- Material to process
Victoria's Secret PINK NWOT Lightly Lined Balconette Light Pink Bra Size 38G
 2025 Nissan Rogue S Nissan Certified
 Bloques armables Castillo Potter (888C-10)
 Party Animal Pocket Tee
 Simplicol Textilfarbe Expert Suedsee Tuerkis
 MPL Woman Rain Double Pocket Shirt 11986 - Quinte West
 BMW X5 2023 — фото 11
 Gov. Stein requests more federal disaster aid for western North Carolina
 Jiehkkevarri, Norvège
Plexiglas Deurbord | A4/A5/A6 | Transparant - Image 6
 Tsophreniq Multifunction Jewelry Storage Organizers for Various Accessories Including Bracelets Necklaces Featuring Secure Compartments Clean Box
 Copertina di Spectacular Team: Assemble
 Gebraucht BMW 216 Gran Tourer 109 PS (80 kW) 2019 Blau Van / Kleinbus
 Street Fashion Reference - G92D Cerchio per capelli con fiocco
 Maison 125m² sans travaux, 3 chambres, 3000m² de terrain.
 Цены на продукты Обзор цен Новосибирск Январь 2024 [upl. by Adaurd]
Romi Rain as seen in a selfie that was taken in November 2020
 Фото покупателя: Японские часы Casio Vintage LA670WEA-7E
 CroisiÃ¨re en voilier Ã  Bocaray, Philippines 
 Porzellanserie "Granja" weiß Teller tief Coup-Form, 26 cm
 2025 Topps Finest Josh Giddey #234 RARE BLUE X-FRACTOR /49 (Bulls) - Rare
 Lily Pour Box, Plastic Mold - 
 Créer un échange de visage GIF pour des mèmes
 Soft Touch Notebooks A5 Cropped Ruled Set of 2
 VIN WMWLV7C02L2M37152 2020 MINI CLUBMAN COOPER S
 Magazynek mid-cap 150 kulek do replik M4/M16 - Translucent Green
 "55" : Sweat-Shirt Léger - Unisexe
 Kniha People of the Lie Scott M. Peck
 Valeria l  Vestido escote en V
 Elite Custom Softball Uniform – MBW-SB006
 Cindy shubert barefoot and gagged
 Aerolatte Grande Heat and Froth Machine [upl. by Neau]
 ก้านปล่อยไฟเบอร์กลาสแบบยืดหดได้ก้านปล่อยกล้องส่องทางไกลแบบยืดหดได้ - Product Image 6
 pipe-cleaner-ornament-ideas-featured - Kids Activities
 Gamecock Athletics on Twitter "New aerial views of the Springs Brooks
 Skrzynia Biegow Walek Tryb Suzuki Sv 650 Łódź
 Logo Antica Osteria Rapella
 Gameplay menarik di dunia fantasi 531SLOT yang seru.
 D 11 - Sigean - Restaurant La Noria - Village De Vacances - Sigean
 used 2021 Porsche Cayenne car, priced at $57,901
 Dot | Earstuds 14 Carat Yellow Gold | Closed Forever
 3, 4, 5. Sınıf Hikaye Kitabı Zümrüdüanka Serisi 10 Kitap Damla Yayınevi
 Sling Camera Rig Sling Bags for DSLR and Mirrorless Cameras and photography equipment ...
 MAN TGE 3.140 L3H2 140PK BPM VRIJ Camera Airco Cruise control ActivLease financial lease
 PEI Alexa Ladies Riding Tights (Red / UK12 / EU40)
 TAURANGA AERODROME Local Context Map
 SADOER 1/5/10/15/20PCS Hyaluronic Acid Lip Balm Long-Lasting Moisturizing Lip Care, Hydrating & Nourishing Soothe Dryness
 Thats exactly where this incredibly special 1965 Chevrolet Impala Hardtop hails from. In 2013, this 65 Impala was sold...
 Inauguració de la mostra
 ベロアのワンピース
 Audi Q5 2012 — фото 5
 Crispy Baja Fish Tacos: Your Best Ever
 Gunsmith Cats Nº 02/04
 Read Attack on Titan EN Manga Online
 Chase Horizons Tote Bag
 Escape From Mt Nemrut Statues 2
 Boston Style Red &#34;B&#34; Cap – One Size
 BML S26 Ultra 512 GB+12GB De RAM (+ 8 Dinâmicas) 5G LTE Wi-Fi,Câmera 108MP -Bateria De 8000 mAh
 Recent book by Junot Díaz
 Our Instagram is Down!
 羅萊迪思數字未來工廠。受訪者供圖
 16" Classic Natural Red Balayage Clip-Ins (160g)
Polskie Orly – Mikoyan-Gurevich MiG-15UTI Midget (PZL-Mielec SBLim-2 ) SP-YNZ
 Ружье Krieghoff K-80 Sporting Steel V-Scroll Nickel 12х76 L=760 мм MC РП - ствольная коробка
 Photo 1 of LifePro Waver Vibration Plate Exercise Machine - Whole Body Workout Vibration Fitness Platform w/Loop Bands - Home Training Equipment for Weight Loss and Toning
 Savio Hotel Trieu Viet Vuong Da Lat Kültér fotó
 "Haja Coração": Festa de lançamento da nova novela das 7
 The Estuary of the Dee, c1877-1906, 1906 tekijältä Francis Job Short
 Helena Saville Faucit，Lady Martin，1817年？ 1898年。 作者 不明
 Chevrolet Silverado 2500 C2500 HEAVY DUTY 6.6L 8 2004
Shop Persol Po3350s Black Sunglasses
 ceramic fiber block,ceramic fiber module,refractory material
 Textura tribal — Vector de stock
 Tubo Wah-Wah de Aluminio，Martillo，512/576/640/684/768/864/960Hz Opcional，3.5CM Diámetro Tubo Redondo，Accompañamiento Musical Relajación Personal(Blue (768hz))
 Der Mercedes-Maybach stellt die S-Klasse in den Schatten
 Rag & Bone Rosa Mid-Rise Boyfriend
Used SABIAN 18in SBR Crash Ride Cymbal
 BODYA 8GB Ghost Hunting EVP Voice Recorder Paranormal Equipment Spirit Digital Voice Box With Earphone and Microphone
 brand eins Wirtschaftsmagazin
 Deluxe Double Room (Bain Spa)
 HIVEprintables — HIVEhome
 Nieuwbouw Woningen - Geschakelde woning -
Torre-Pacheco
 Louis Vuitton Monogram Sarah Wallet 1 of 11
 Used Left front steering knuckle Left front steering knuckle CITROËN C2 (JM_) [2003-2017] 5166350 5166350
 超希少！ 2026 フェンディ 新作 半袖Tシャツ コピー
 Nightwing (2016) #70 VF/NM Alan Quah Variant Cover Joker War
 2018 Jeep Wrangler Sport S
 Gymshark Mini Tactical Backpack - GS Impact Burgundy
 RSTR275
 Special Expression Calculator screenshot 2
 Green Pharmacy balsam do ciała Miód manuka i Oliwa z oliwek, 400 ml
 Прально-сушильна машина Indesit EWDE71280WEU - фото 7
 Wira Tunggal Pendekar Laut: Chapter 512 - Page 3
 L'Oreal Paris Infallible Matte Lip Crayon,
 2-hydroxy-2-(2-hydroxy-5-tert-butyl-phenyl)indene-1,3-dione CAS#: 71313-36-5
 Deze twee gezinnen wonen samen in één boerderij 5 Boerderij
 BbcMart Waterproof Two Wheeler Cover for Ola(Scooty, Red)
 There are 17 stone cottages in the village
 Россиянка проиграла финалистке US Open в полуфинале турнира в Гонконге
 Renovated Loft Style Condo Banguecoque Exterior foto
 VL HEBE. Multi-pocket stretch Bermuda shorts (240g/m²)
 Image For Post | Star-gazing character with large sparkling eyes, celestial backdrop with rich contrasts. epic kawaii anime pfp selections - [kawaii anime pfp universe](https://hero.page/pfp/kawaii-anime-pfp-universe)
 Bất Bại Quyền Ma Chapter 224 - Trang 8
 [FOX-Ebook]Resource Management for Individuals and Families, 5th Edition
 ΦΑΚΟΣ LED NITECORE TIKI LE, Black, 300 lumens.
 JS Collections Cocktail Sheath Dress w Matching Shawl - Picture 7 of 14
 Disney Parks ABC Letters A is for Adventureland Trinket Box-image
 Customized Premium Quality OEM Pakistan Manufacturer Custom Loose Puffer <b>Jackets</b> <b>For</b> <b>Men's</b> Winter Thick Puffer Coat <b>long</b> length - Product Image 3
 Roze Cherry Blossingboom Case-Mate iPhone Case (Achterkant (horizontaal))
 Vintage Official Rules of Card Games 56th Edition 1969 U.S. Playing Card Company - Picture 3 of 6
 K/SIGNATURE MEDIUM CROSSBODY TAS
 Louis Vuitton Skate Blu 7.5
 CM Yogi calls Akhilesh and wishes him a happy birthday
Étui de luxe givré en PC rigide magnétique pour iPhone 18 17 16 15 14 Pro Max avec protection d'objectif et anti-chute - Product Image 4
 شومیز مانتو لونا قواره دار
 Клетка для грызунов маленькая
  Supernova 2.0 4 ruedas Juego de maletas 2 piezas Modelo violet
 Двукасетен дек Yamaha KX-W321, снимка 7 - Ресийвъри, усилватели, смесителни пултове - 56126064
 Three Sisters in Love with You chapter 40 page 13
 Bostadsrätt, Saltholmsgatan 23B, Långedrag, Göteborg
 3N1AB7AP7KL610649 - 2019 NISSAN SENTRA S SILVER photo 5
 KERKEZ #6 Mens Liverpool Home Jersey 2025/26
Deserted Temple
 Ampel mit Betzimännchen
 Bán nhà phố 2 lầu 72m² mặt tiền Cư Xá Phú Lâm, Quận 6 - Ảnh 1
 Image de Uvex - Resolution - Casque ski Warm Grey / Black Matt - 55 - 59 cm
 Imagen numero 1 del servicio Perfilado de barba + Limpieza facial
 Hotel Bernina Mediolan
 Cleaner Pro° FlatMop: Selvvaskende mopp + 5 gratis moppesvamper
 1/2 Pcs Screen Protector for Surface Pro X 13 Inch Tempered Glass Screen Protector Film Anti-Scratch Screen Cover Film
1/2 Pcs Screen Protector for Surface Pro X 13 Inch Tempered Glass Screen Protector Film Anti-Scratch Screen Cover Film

- Action item
Please go through the data above and copy each line that has the word "Double".

- Response to this task
 MPL Woman Rain Double Pocket Shirt 11986 - Quinte West
 Deluxe Double Room (Bain Spa)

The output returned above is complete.